> [Captioned web image data]
------

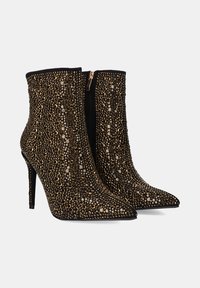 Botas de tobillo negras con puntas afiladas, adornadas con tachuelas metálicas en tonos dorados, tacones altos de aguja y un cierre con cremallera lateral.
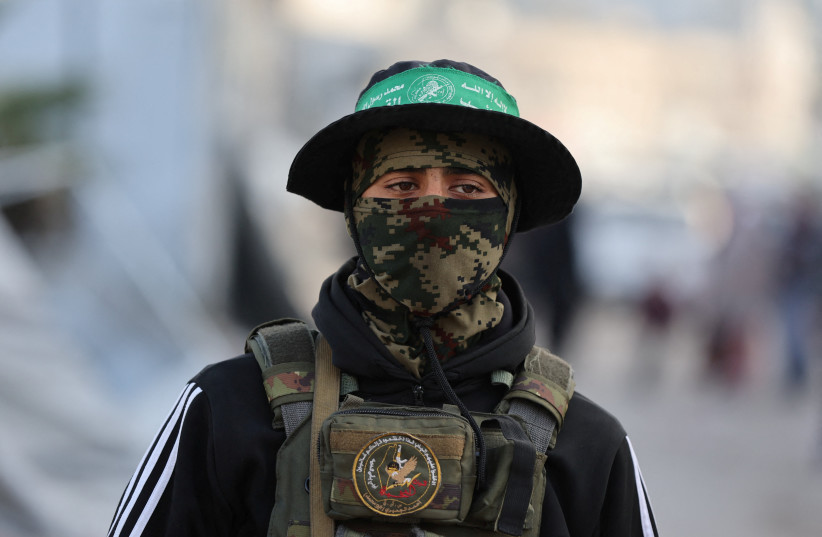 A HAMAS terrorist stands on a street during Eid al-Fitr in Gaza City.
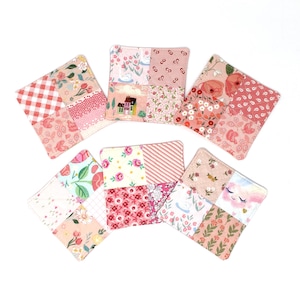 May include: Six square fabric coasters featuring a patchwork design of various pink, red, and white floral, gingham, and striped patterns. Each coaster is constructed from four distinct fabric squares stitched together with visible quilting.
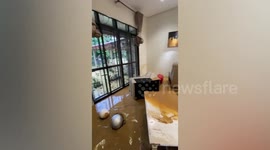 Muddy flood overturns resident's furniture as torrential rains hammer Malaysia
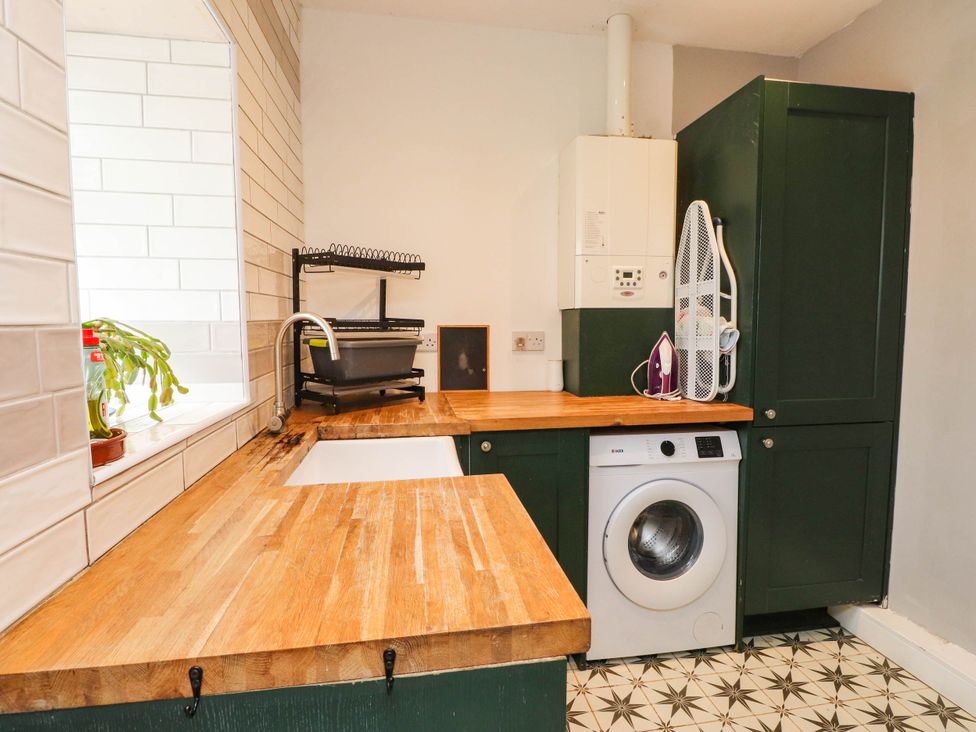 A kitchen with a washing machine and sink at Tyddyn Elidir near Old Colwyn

------

> [EXERCISE DESCRIPTION]
Each record should be printed exactly as it appears, leaving the pictures out.

> [RESPONSE BELOW]
 Botas de tobillo negras con puntas afiladas, adornadas con tachuelas metálicas en tonos dorados, tacones altos de aguja y un cierre con cremallera lateral.
 A HAMAS terrorist stands on a street during Eid al-Fitr in Gaza City.
 May include: Six square fabric coasters featuring a patchwork design of various pink, red, and white floral, gingham, and striped patterns. Each coaster is constructed from four distinct fabric squares stitched together with visible quilting.
 Muddy flood overturns resident's furniture as torrential rains hammer Malaysia
 A kitchen with a washing machine and sink at Tyddyn Elidir near Old Colwyn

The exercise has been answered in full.